**Description of the task**
An exact repeat is needed of the lines from the one with "Chanel Chanel 23" through the last line of the data below. Please omit the pictures.

**Collected material**
=== Section Start ===

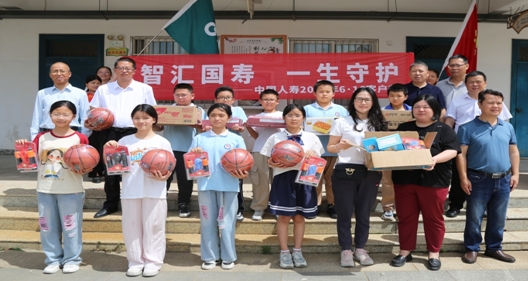 牽手國壽  創繪未來—中國人壽九江分公司開展鄉村美育教育公益活動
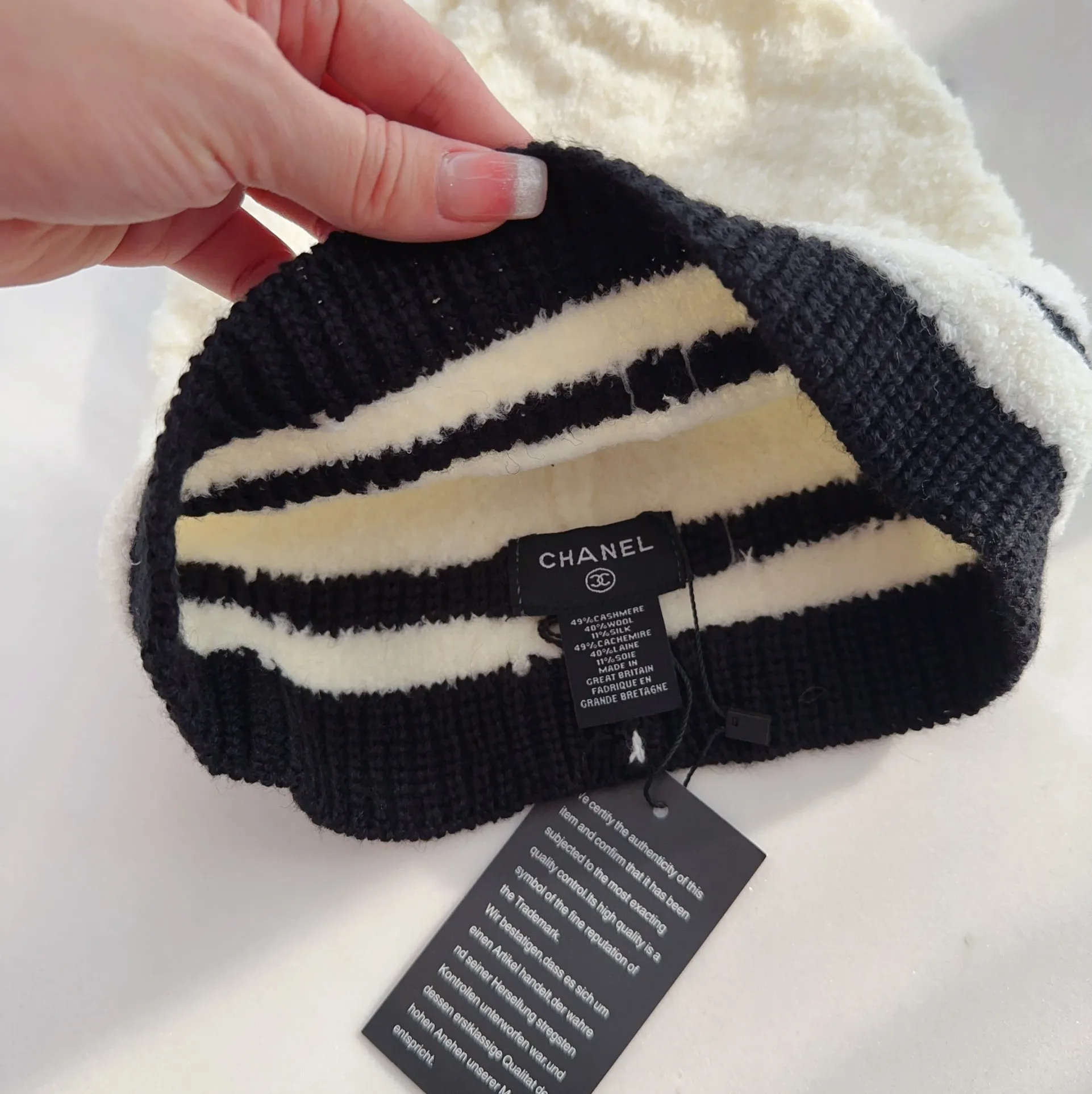 Chanel Chanel 23 Autumn and Winter Knitted Hat Wool Pile Hat Fashion Trendy People, Stars’ Same Style Knitted Hat, Hot Style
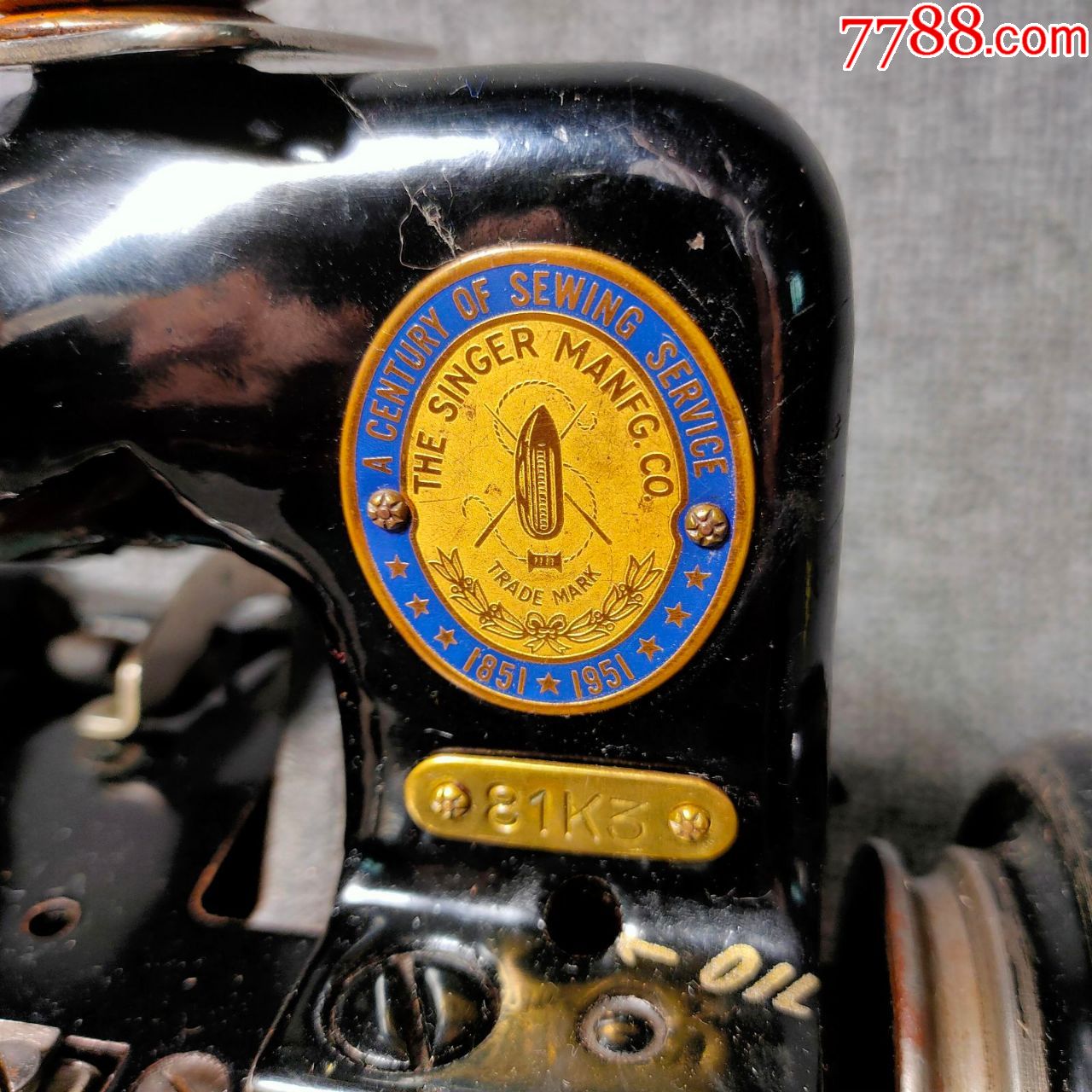 胜家singer81k3型古董锁边机缝纫机可以转动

=== Section End ===

**Task response**
 Chanel Chanel 23 Autumn and Winter Knitted Hat Wool Pile Hat Fashion Trendy People, Stars’ Same Style Knitted Hat, Hot Style
 胜家singer81k3型古董锁边机缝纫机可以转动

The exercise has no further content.